MADISON, Wis. — Save the kringle! Kick out the bounty hunters! Stop the ban on junk food bans!
Since the Legislature passed the Wisconsin budget last week, Gov. Scott Walker has been flooded with about 200 requests — urging him to scrap or save dozens of the thousands of items in the $70 billion spending plan.
Walker plans to sign the budget and release his vetoes on Sunday. He has remained largely silent on what he is targeting for changes in the budget, but that hasn't stopped others from asking him to take action.
As of Thursday, Walker had received about 200 veto requests, primarily from voters, individual business owners, local governments, lawmakers and advocacy groups, spokesman Tom Evenson said. Most of the requests focus on items that have generated the most publicity, Evenson said, including legalizing bail bondsmen, kicking the Center for Investigative Journalism off of the University of Wisconsin-Madison campus, requiring collection of DNA for some felony arrests, and imposing new limits on unemployment insurance benefits.

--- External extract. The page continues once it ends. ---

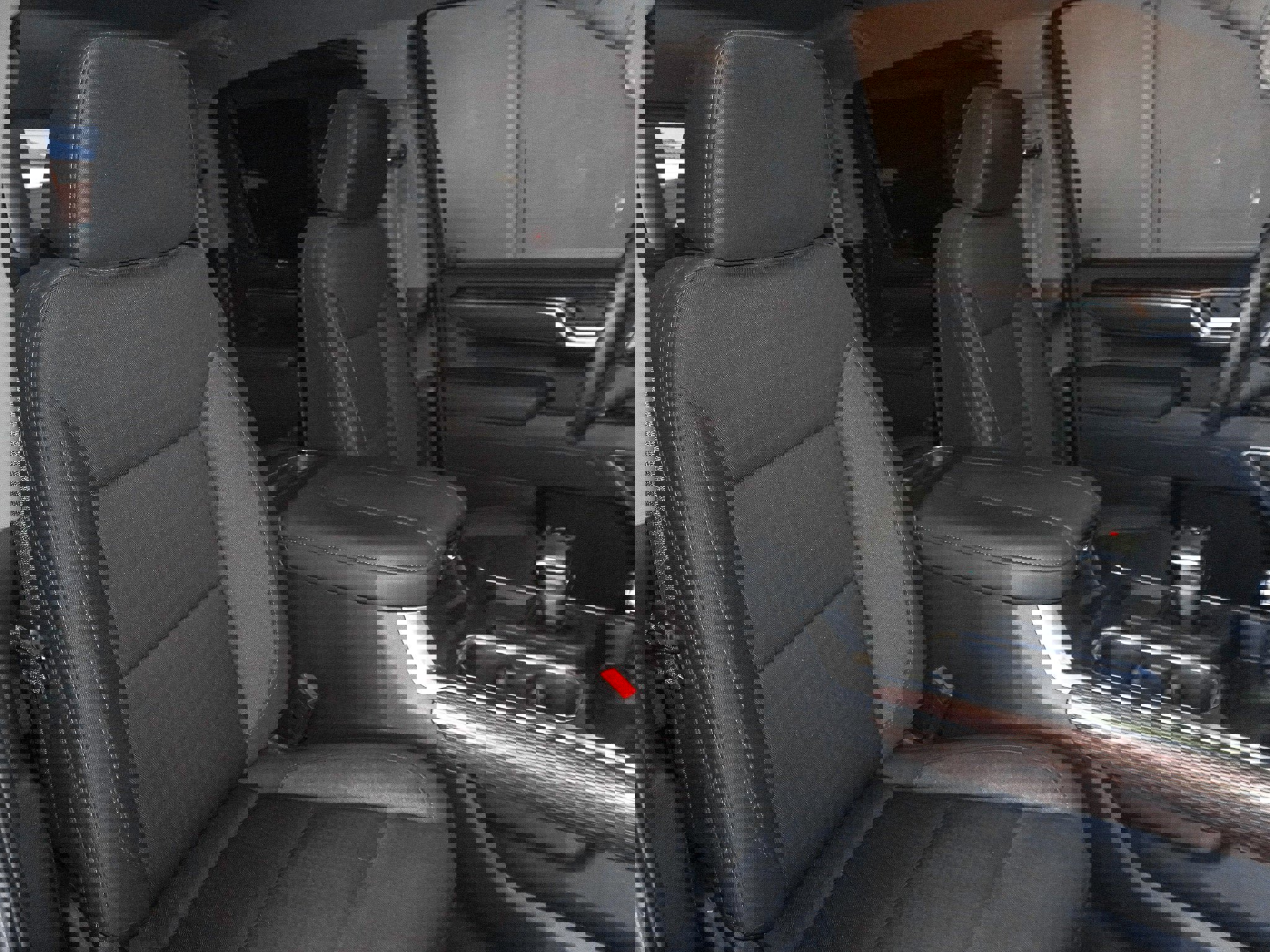 Used 2025 GMC Sierra 1500 Elevation w/ Preferred Package AWD/4WD image 42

The Associated Press filed an open records request on Tuesday for all of the veto letters received to date by Walker, but that had not been fulfilled as of Thursday.
Democrats, looking to score political points but with virtually no hope of success, are asking Walker to undo some of his top priorities in the budget, including stopping a statewide expansion of private school vouchers, allowing the sale of state-owned property, and rejecting a federally funded expansion of Medicaid.
Since Walker proposed all of those items, or worked closely with Republican legislative leaders on changes made in the budget, they are almost all certainly going to be signed into law.
But in many other areas, the Legislature added things to the budget that Walker didn't propose. Those are typically the best places to look for possible vetoes.